As such, the presence of these voices in government and in public discourse are critically important. Who better to represent new Australians and indigenous people than those who have lived the experiences and appreciate the challenges and triumphs associated?
The recurrent theme in my writing and all my work is representation. From the genesis of the organisation I founded, Cultural Infusion, to the new Diversity Atlas – a world-first tool for mapping diversity currently being used by multinationals to map their global workforce – representation is important.

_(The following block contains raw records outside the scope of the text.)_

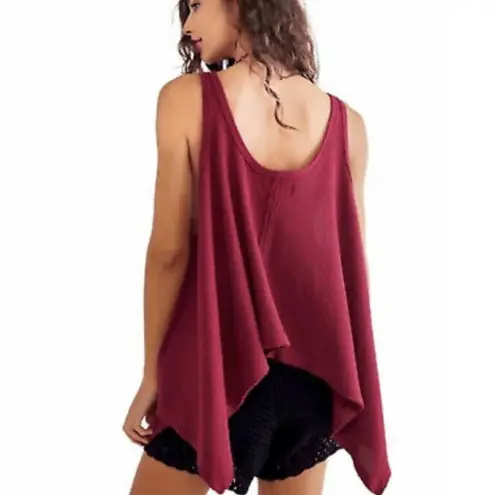 We The Free Free People Sing La La Tank Gone Gogi Red Oversized Top Tank NEW W-092 Sz M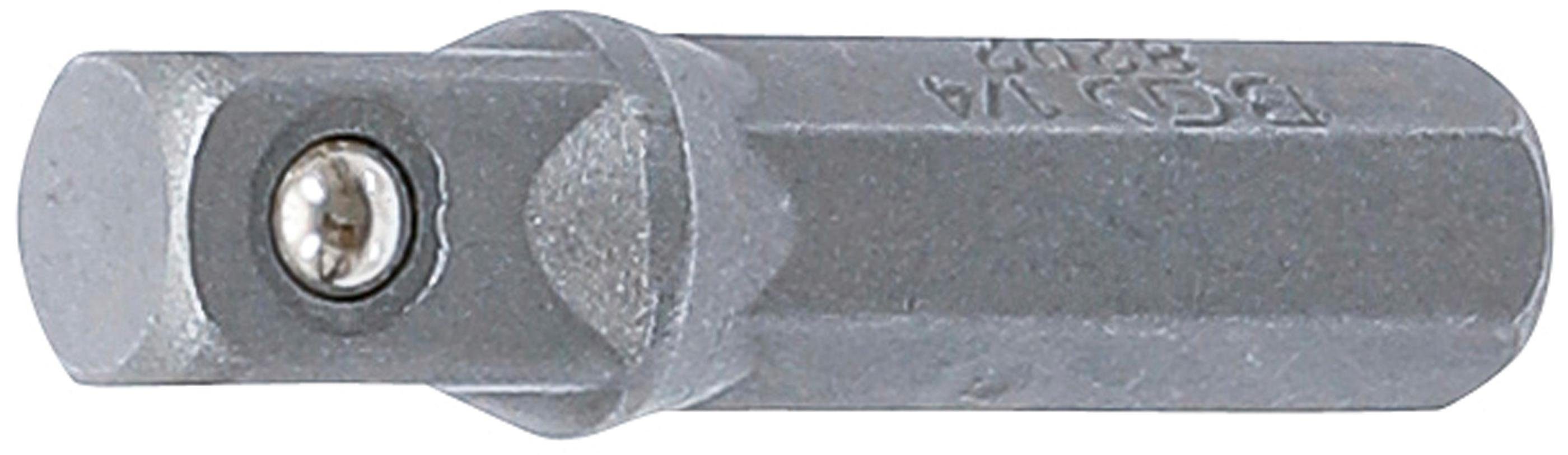 BGS technic Ratschenringschlüssel Bit-Knarren-Adapter, Außensechskant 6,3 mm (1/4) - Außenvierkant 6,3 mm (1/4), 30 mm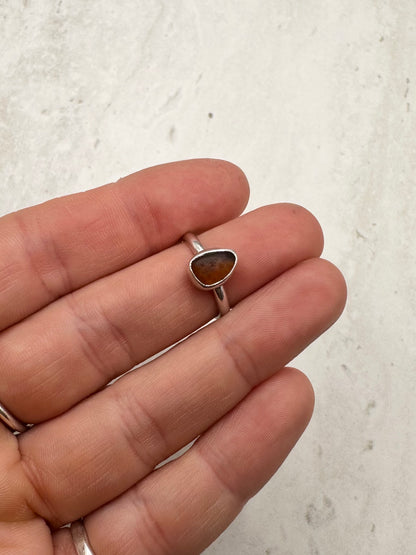 Amber Seaglass Ring Silver - I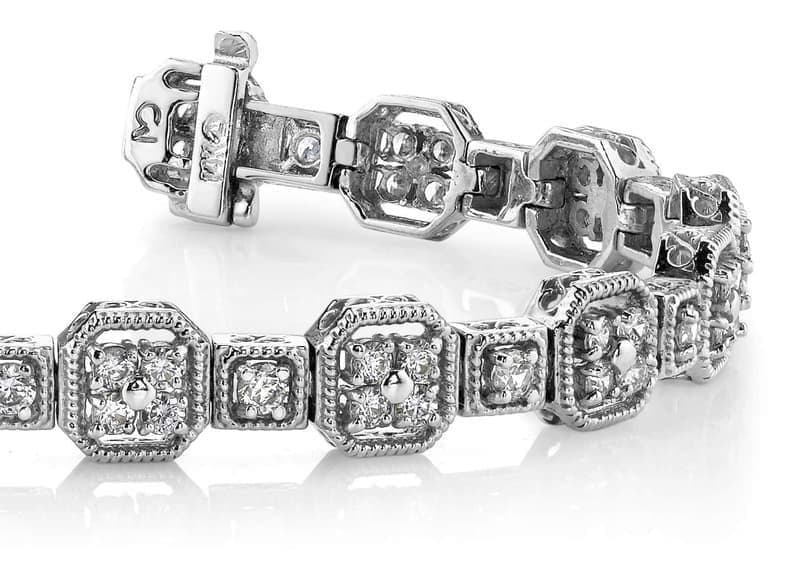 Antique Square Link Diamond Bracelet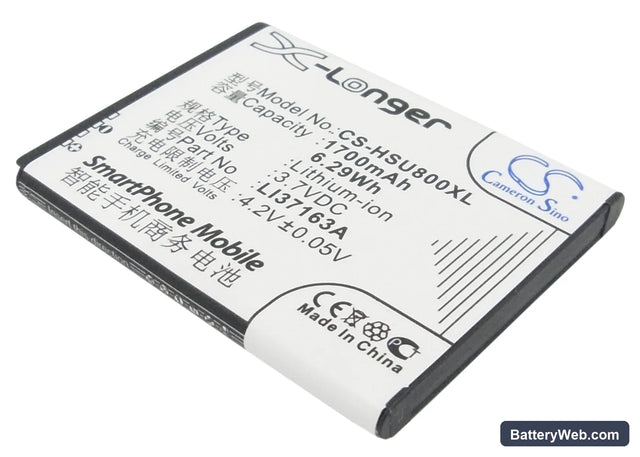 Hisense U8 Replacement Battery, 3.7V, 1700mAh, Li-ion 1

This isn’t just the morally right way to be – in my opinion, it is, but there’s more than social justice at stake. It’s good for our GDP as well – in the corporate and business world, companies who ‘do diversity better’ find improved profits and better staff retention. Why do we think it should be different for governments?
What’s more – if diversity is good for Australia, why do our leaders seem to think this does not extend to them as a body? If we better understood the cultural diversity in all its richness, beyond the white anglo then that could be a way to look at the broader levels of diversity that does exist in our country. This will indubitably help the conversation progress, and lead to the action we need.
If we want to be “the most successful multicultural country in the world”, as our political leaders would have it, it isn’t enough to talk. We also need to listen. We need to act.